→ **PROMPT**
Leaving out the pictures, reproduce each record exactly and in full.

[Saved entries]

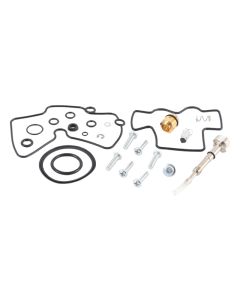 All Balls Racing 05-07 Beta RR 4T 250 Carburetor Rebuild Kit - 26-1521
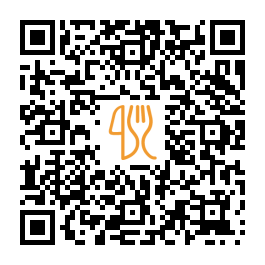 Link con codice QR al menù di Checkers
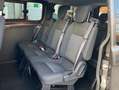 Ford Transit Custom 320 L1 Trend*Kamera*DAB* Szary - thumbnail 8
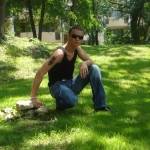 Cristian S.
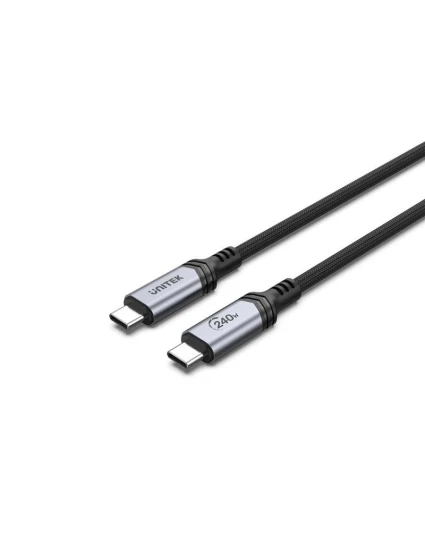 USB-C model 21862034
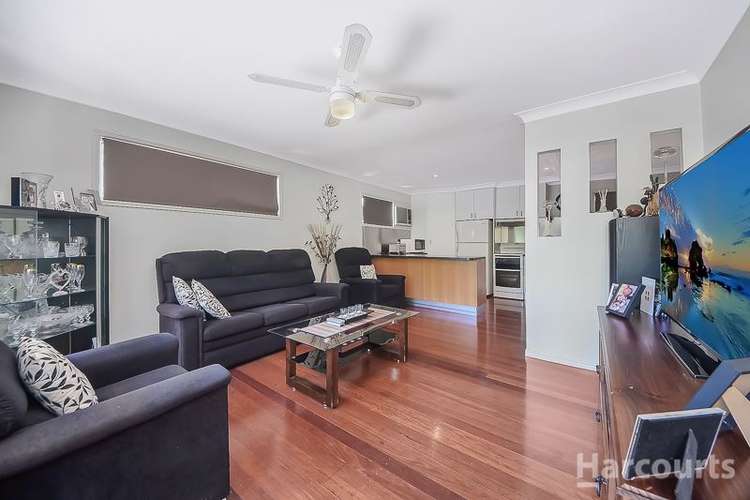 Third view of Homely house listing, 38 Station Road, Burpengary QLD 4505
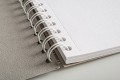smltart_authentic_bristol_binding_1658412682.jpg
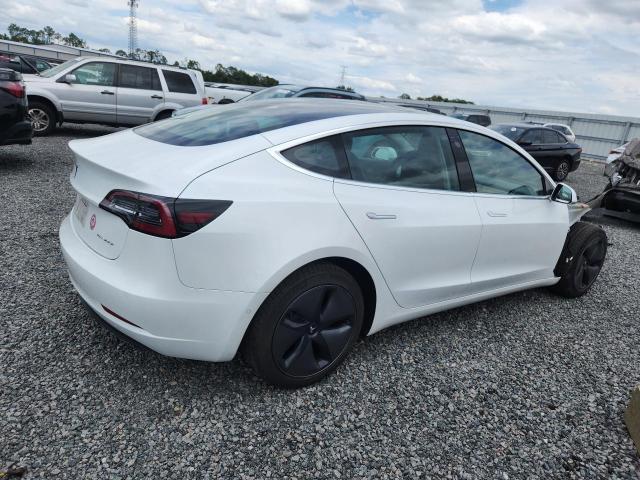 Aukcja sprzedaży 2020 Tesla Model 3, vin: 5YJ3E1EB0LF637684, numer aukcji: 50944316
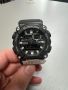 Часовник Casio G-SHOCK, снимка 1 - Мъжки - 45824291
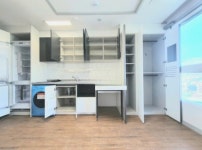 서울특별시 관악구 남현동 [월세] 4000/40 원룸(방:1/욕실:1) | 피터팬의 좋은방 구하기 서울특별시 관악구 남현동 [월세] 4000/40 원룸(방:1...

→ **OUTPUT OF THE TASK**
 All Balls Racing 05-07 Beta RR 4T 250 Carburetor Rebuild Kit - 26-1521
 Link con codice QR al menù di Checkers
 Ford Transit Custom 320 L1 Trend*Kamera*DAB* Szary - thumbnail 8
 Cristian S.
 USB-C model 21862034
 Third view of Homely house listing, 38 Station Road, Burpengary QLD 4505
smltart_authentic_bristol_binding_1658412682.jpg
 Aukcja sprzedaży 2020 Tesla Model 3, vin: 5YJ3E1EB0LF637684, numer aukcji: 50944316
 Часовник Casio G-SHOCK, снимка 1 - Мъжки - 45824291
 서울특별시 관악구 남현동 [월세] 4000/40 원룸(방:1/욕실:1) | 피터팬의 좋은방 구하기 서울특별시 관악구 남현동 [월세] 4000/40 원룸(방:1...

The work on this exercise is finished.